FORMS

My pet hate is unnecessarily complex and elaborate forms. I also resent intrusive questions which have nothing to do with the page. If you are soliciting marketting information it is simple good manners to be up front about this. What I and hundreds of thousands like me resent is finding that your e-mail address has found it's way on somebody's list, and you find yourself receiving lots of unwanted junk e-mail.

Don't treat people like this. Give them a choice! If you are collecting addresses for lists be up front, give them a genuine option not to be included on any list, and then respect it.

I use a free form processing service http://response-o-matic.com which is very good. It allows you to define your own data fields, just so long as each submission carries your e-mail address, your visitor's e-mail address, and your visitor's name. In fact on one of my forms I send a dummy name for the visitor's e-mail address and offer them another text field if they opt to submit their address. The reason why I did this was that I wanted to hear what they felt about the site rather than to know what their e-mail address was. If they wanted to tell me that was up to them.

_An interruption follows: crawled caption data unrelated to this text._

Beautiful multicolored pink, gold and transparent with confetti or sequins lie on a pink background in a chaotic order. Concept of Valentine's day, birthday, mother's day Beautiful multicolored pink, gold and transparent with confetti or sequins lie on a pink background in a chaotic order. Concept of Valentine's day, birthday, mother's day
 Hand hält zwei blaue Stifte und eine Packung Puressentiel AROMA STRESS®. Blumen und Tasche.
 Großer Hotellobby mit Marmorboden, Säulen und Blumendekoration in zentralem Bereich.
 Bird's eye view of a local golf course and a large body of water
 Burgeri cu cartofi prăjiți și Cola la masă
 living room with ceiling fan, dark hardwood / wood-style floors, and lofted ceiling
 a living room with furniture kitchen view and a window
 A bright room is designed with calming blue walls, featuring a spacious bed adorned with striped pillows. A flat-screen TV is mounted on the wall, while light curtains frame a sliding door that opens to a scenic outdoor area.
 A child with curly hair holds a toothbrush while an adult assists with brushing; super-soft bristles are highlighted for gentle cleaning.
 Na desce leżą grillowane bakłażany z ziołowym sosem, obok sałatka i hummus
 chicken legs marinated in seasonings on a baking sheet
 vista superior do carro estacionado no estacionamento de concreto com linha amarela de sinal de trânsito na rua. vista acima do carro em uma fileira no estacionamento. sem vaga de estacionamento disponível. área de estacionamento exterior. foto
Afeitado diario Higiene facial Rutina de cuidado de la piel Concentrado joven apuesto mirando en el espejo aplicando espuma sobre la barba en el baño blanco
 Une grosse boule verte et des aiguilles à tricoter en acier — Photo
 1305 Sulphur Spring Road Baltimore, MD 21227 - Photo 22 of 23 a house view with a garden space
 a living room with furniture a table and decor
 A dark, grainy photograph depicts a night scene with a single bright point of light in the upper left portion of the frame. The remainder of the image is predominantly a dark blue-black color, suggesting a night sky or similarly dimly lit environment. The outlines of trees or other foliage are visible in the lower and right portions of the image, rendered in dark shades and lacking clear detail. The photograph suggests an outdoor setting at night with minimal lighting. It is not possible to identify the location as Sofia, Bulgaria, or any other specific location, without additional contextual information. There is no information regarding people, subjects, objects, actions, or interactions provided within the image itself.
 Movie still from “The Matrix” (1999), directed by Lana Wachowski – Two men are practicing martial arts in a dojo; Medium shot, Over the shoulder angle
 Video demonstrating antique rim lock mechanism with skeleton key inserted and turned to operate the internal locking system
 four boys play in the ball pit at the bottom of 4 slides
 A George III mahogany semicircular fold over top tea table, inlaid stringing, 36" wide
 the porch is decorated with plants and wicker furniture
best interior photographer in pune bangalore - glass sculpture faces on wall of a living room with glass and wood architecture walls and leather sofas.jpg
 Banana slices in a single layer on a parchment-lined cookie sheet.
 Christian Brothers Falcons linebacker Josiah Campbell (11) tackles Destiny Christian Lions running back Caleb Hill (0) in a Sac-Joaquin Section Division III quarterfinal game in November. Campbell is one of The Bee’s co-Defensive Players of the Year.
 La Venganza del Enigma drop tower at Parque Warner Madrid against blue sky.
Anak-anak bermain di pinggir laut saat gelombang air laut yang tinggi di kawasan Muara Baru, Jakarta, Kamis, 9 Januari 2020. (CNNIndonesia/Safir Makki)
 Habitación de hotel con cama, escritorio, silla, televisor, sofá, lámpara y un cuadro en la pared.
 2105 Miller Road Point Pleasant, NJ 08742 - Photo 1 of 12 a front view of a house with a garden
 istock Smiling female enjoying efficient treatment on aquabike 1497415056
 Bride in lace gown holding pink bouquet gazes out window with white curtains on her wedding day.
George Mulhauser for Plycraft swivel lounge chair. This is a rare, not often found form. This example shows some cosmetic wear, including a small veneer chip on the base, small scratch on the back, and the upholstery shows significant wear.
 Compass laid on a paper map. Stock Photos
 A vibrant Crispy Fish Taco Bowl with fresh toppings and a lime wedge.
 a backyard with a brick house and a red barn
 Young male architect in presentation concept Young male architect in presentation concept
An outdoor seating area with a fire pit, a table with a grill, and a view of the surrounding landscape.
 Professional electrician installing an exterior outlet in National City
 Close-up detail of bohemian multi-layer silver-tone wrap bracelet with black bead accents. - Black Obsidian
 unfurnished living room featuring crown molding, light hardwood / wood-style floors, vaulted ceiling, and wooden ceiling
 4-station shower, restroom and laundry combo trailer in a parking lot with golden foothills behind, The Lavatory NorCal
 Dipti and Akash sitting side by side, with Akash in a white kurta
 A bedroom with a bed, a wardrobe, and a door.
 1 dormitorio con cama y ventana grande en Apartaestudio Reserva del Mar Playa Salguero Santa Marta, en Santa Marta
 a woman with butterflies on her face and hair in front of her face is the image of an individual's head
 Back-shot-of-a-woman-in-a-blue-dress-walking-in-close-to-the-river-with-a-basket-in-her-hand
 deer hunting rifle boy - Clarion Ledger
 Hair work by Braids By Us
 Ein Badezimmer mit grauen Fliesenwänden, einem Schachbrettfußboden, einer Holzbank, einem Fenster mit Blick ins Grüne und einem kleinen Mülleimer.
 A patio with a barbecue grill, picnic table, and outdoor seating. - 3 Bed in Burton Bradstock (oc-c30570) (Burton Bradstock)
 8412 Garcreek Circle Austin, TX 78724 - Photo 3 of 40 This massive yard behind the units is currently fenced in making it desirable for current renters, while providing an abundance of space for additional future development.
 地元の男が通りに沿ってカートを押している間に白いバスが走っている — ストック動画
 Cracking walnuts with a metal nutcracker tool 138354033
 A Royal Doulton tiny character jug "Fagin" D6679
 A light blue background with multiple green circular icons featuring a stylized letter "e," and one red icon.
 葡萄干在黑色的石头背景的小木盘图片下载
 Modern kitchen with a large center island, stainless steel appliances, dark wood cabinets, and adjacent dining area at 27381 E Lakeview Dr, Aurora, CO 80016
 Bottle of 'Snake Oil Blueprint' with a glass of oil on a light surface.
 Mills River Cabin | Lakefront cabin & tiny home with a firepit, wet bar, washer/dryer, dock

Just like design and graphics, don't use a form just to show off. If all you need is contact then using the <A HREF="mailto:[email protected]"> tag is simpler and more straight forward, and it allows the sender to keep a copy of the e-mail if that is their practice. Think about what you want to use a form for. Think about designing it to be as easy to use as possible, and don't burder people with too many compulsary fields. They'll lose patience with it and move on without submitting the form. That will be your loss, and not theirs!